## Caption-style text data
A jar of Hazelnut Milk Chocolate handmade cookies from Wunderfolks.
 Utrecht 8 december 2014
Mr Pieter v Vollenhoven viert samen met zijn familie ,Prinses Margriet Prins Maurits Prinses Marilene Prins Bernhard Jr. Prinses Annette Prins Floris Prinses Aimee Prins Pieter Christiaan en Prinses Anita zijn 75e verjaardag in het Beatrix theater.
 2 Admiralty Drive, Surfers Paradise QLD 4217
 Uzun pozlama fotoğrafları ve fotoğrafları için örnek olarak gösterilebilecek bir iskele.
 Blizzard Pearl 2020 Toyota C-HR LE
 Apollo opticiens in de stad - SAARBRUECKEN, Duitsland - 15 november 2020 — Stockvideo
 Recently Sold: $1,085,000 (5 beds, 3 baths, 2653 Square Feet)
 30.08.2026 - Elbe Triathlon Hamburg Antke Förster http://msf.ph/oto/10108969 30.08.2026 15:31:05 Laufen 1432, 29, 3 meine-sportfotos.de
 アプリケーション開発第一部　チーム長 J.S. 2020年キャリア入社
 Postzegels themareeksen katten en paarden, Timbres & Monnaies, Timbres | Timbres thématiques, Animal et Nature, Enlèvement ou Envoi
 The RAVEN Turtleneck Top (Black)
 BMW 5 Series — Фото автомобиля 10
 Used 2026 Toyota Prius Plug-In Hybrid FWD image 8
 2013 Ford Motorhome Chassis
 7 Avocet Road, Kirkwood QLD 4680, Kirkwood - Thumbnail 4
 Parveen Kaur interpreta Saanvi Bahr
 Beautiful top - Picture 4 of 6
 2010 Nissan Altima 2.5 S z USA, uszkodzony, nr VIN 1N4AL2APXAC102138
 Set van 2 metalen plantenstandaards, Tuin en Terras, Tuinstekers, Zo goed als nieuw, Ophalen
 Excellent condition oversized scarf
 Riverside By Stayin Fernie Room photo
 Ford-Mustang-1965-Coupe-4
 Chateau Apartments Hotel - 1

## Work to be completed
This task asks for the number of lines above that include the string "Ford". Respond with that number only.

## Your response
2